Why did you want to have your own studio?
I like making records. Obviously I love playing -- it's cathartic, and there's nothing like playing live, but I really love making albums. Even if I'm on the outside, like when Nick Sullivan was recording the Amputators here, I was learning about mike placement, different amps and different guitars. I just find that stuff fascinating. You can spend your entire life learning that and you'll never know everything.
It's more of a relaxed atmosphere. I feel more comfortable. I feel like I can lose myself more easily here than in a professional studio. I can also use it any time instead of setting aside a weekend and have to be right on right then. Most bands don't have any money but here you can come and crash and get up in the morning and record and take your time with it. As long as you bring your own engineer in and pay your engineer, you can use it as much as you want.
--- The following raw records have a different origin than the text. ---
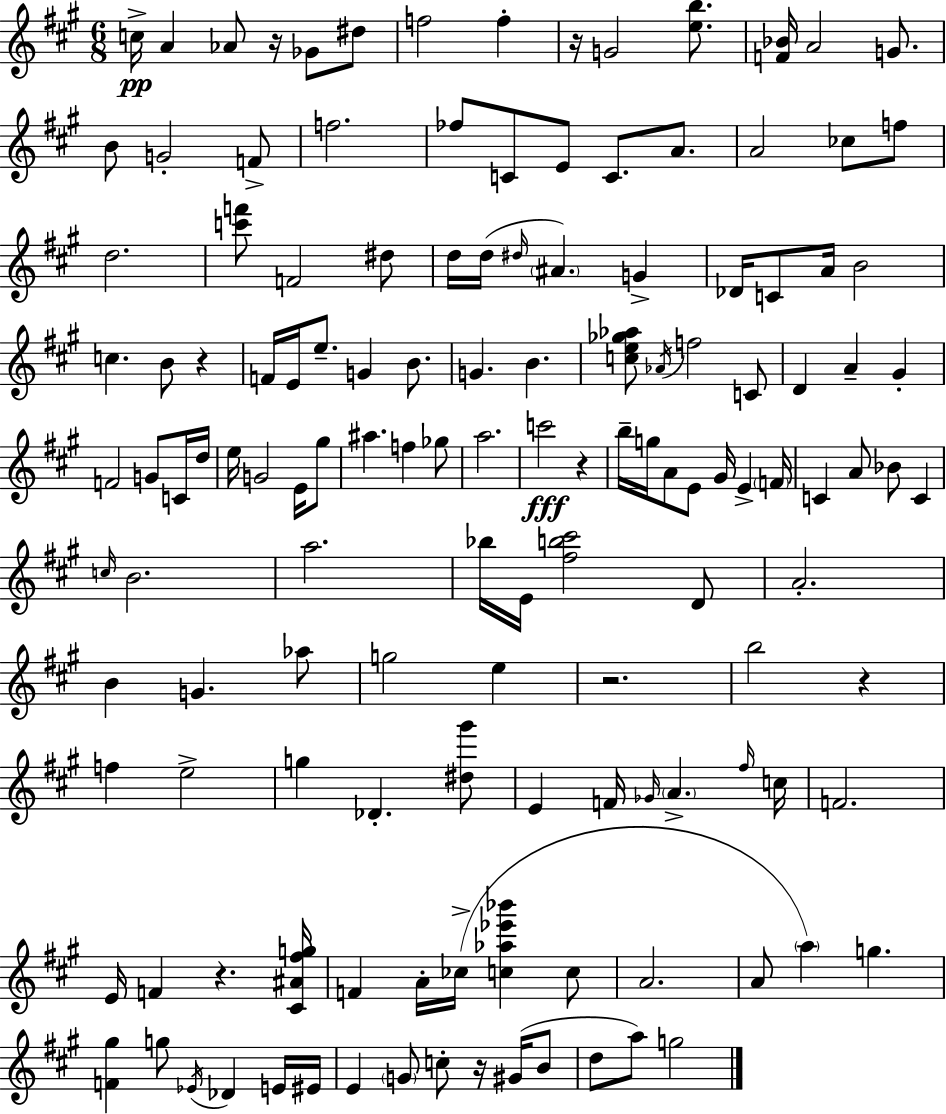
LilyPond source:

{
  \clef treble
  \numericTimeSignature
  \time 6/8
  \key a \major
  \repeat volta 2 { c''16->\pp a'4 aes'8 r16 ges'8 dis''8 | f''2 f''4-. | r16 g'2 <e'' b''>8. | <f' bes'>16 a'2 g'8. | \break b'8 g'2-. f'8-> | f''2. | fes''8 c'8 e'8 c'8. a'8. | a'2 ces''8 f''8 | \break d''2. | <c''' f'''>8 f'2 dis''8 | d''16 d''16( \grace { dis''16 } \parenthesize ais'4.) g'4-> | des'16 c'8 a'16 b'2 | \break c''4. b'8 r4 | f'16 e'16 e''8.-- g'4 b'8. | g'4. b'4. | <c'' e'' ges'' aes''>8 \acciaccatura { aes'16 } f''2 | \break c'8 d'4 a'4-- gis'4-. | f'2 g'8 | c'16 d''16 e''16 g'2 e'16 | gis''8 ais''4. f''4 | \break ges''8 a''2. | c'''2\fff r4 | b''16-- g''16 a'8 e'8 gis'16 e'4-> | \parenthesize f'16 c'4 a'8 bes'8 c'4 | \break \grace { c''16 } b'2. | a''2. | bes''16 e'16 <fis'' b'' cis'''>2 | d'8 a'2.-. | \break b'4 g'4. | aes''8 g''2 e''4 | r2. | b''2 r4 | \break f''4 e''2-> | g''4 des'4.-. | <dis'' gis'''>8 e'4 f'16 \grace { ges'16 } \parenthesize a'4.-> | \grace { fis''16 } c''16 f'2. | \break e'16 f'4 r4. | <cis' ais' fis'' g''>16 f'4 a'16-. ces''16->( <c'' aes'' ees''' bes'''>4 | c''8 a'2. | a'8 \parenthesize a''4) g''4. | \break <f' gis''>4 g''8 \acciaccatura { ees'16 } | des'4 e'16 eis'16 e'4 \parenthesize g'8 | c''8-. r16 gis'16( b'8 d''8 a''8) g''2 | } \bar "|."
}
Obviously I've got to know you and I won't let just anyone in the house.
Why did you call your label Sailor Records?
It's partly related to that David Lynch movie Wild At Heart with Nicolas Cage. His character is named Sailor. That's one of my favorite movies. I think the intensity of it appeals to me. There's some depression in it, some evil and darkness, but, at the end, some bright light. I think David Lynch does a really good job of working with those elements.
You grew up in Carlsbad, New Mexico. What was it like growing up there?
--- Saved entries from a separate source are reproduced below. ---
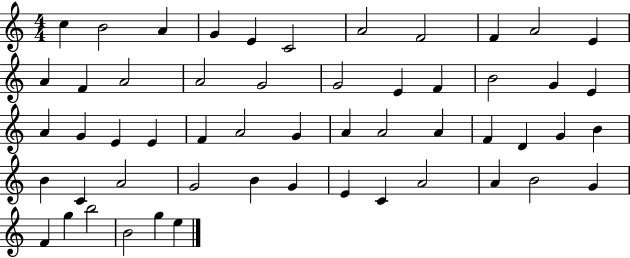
C5/q B4/h A4/q G4/q E4/q C4/h A4/h F4/h F4/q A4/h E4/q A4/q F4/q A4/h A4/h G4/h G4/h E4/q F4/q B4/h G4/q E4/q A4/q G4/q E4/q E4/q F4/q A4/h G4/q A4/q A4/h A4/q F4/q D4/q G4/q B4/q B4/q C4/q A4/h G4/h B4/q G4/q E4/q C4/q A4/h A4/q B4/h G4/q F4/q G5/q B5/h B4/h G5/q E5/q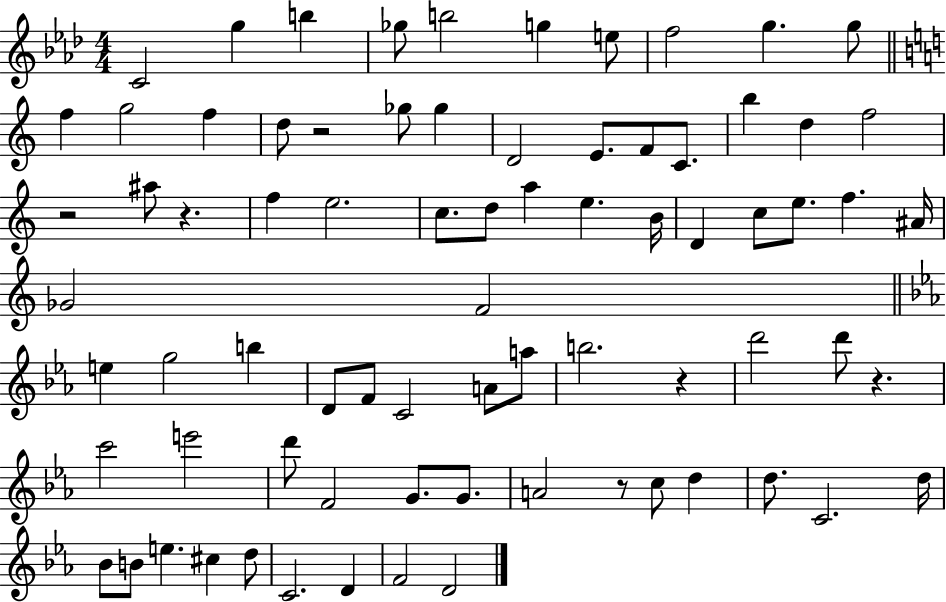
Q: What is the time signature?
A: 4/4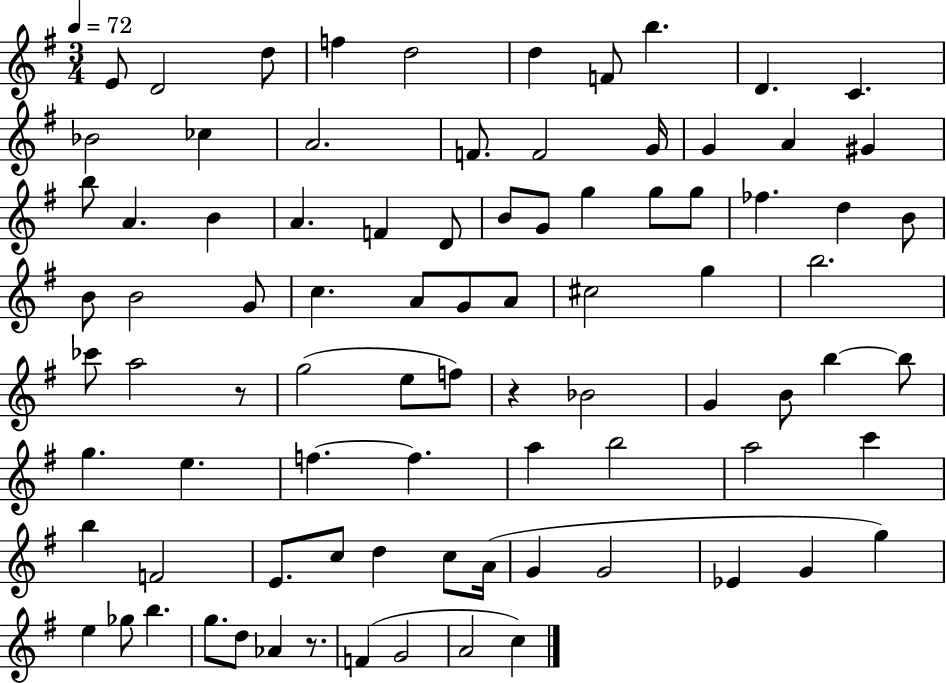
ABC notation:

X:1
T:Untitled
M:3/4
L:1/4
K:G
E/2 D2 d/2 f d2 d F/2 b D C _B2 _c A2 F/2 F2 G/4 G A ^G b/2 A B A F D/2 B/2 G/2 g g/2 g/2 _f d B/2 B/2 B2 G/2 c A/2 G/2 A/2 ^c2 g b2 _c'/2 a2 z/2 g2 e/2 f/2 z _B2 G B/2 b b/2 g e f f a b2 a2 c' b F2 E/2 c/2 d c/2 A/4 G G2 _E G g e _g/2 b g/2 d/2 _A z/2 F G2 A2 c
It's just north of El Paso, so I think growing up, there were maybe one or two black kids, but the huge majority of the kids were Mexican. In fact my stepmom is Mexican. So there was a huge influence from Mexican culture. It was great, though it's pretty rough down there. There's a bizarre mixture of Mexican American and Native American. It's hardcore. As a white kid, I always felt like I was in the minority. I don't know if I can say I really was, but it felt harder to fit in in some ways -- more of a cultural thing.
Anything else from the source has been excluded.